Eat Art, a term coined by Daniel Spoerri for art made with and involving food, has its institutionalized origins in Düsseldorf. Two years after opening his restaurant at the Burgplatz, the Swiss artist founded the Eat Art Gallery in 1970 and inspired numerous artists to produce various editions made of edible materials and food wastes. The exhibition “Eating the Universe” — a title created in the 1970's by Peter Kubelka, former professor for Film and Cooking at the Frankfurt Städelschule, for a TV-show about cooking as an artistic genre — takes generous stock of the phenomena from today's perspective and traces the original character of eat art from its origins until today. The exhibition demonstrates the continuing great attraction of the topic of food as a fundamental interface of art and life and its enormous relevance until the present day, especially against the backdrop of issues such as affluence and hunger, the anti-consumerism and anti-globalization movements, modern dietetics and cooking shows, health crazes and fast food.
The exhibit is structured into two sections. Based on select seminal works by Daniel Spoerri, as well as some of the most important multiples created for the Eat Art Gallery, the small historical part of the exhibition traces the origins of Eat Art and presents a reconstruction of the gallery and its activities. The main part of the exhibition features a wide range of more recent work dealing with the use of edible materials. They include sculptural takes on the aesthetic materiality of food, work that tests the boundaries of good taste and revulsion or that breeds organisms under the conditions of industrial food production. The kitchen as a creative and social production site is just as much an issue as the media impact and marketability of gastronomical performances. Some works reflects the behavioral patterns of our affluent society, consumer culture and corporeality, as well as ideals of beauty and eating disorders, other pieces play with the surreal, cryptic or grotesque aspects of the way we handle food in our everyday lives. The exhibit includes important international loans, as well as objects and performances developed especially for the project by selected artists.
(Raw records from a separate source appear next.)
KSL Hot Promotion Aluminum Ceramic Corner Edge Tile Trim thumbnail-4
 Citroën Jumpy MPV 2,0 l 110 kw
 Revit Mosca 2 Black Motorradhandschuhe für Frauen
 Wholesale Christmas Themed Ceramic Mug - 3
List of Participating Artists:
Sonja Alhäuser, Arman, BBB Johannes Deimling, Christine Bernhard, Joseph Beuys, Michel Blazy, John Bock, Paul McCarthy, César, Arpad Dobriban, Dustin Ericksen/Mike Rogers, Lili Fischer, Thomas Feuerstein, Anya Gallacio, Carsten Höller, Christian Jankowski, Bernd Jansen, Elke Krystufek, Peter Kubelka, Richard Lindner, Gordon Matta-Clark, Antoni Miralda und Dorothee Selz, Tony Morgan, L.A. Raeven, Thomas Rentmeister, Zeger Reyers, Philip Ross, Dieter Roth, Mika Rottenberg, Judith Samen, Shimabuku, Daniel Spoerri, Jana Sterbak, André Thomkins, Rikrit Tiravanija, Günther Uecker, Ben Vautier, Andreas Wegner, Günther Weseler
The exhibition is accompanied by a catalogue published at Dumont Publishing House with essays by Christiane Boje, Renate Buschmann, Beate Ermacora, Ulrike Groos, Magdalena Holzhey, Elke Krasny und Nikolai Wojtko sowie Künstlertexten von Sylvette Babin, Jörg van den Berg, Elodie Evers, Gerrit Gohlke, Roland Groenenboom, Thomas Hirsch, Magdalena Holzhey, Eva M. Kobler, Michael Krajewski, Harald Lemke, Johannes Meinhardt, Francis Outred, Philip Ross, Dietmar Rübel, Andreas Schlaegel und Henning Weidemann. Ca. 300 pages with numerous color plates.
The exhibition will be presented in the Gallery of the Taxipalais Innsbruck from April 24th until July 4th, 2010 and at the Kunstmuseum Stuttgart from September 18th, 2010 until January 9th, 2011.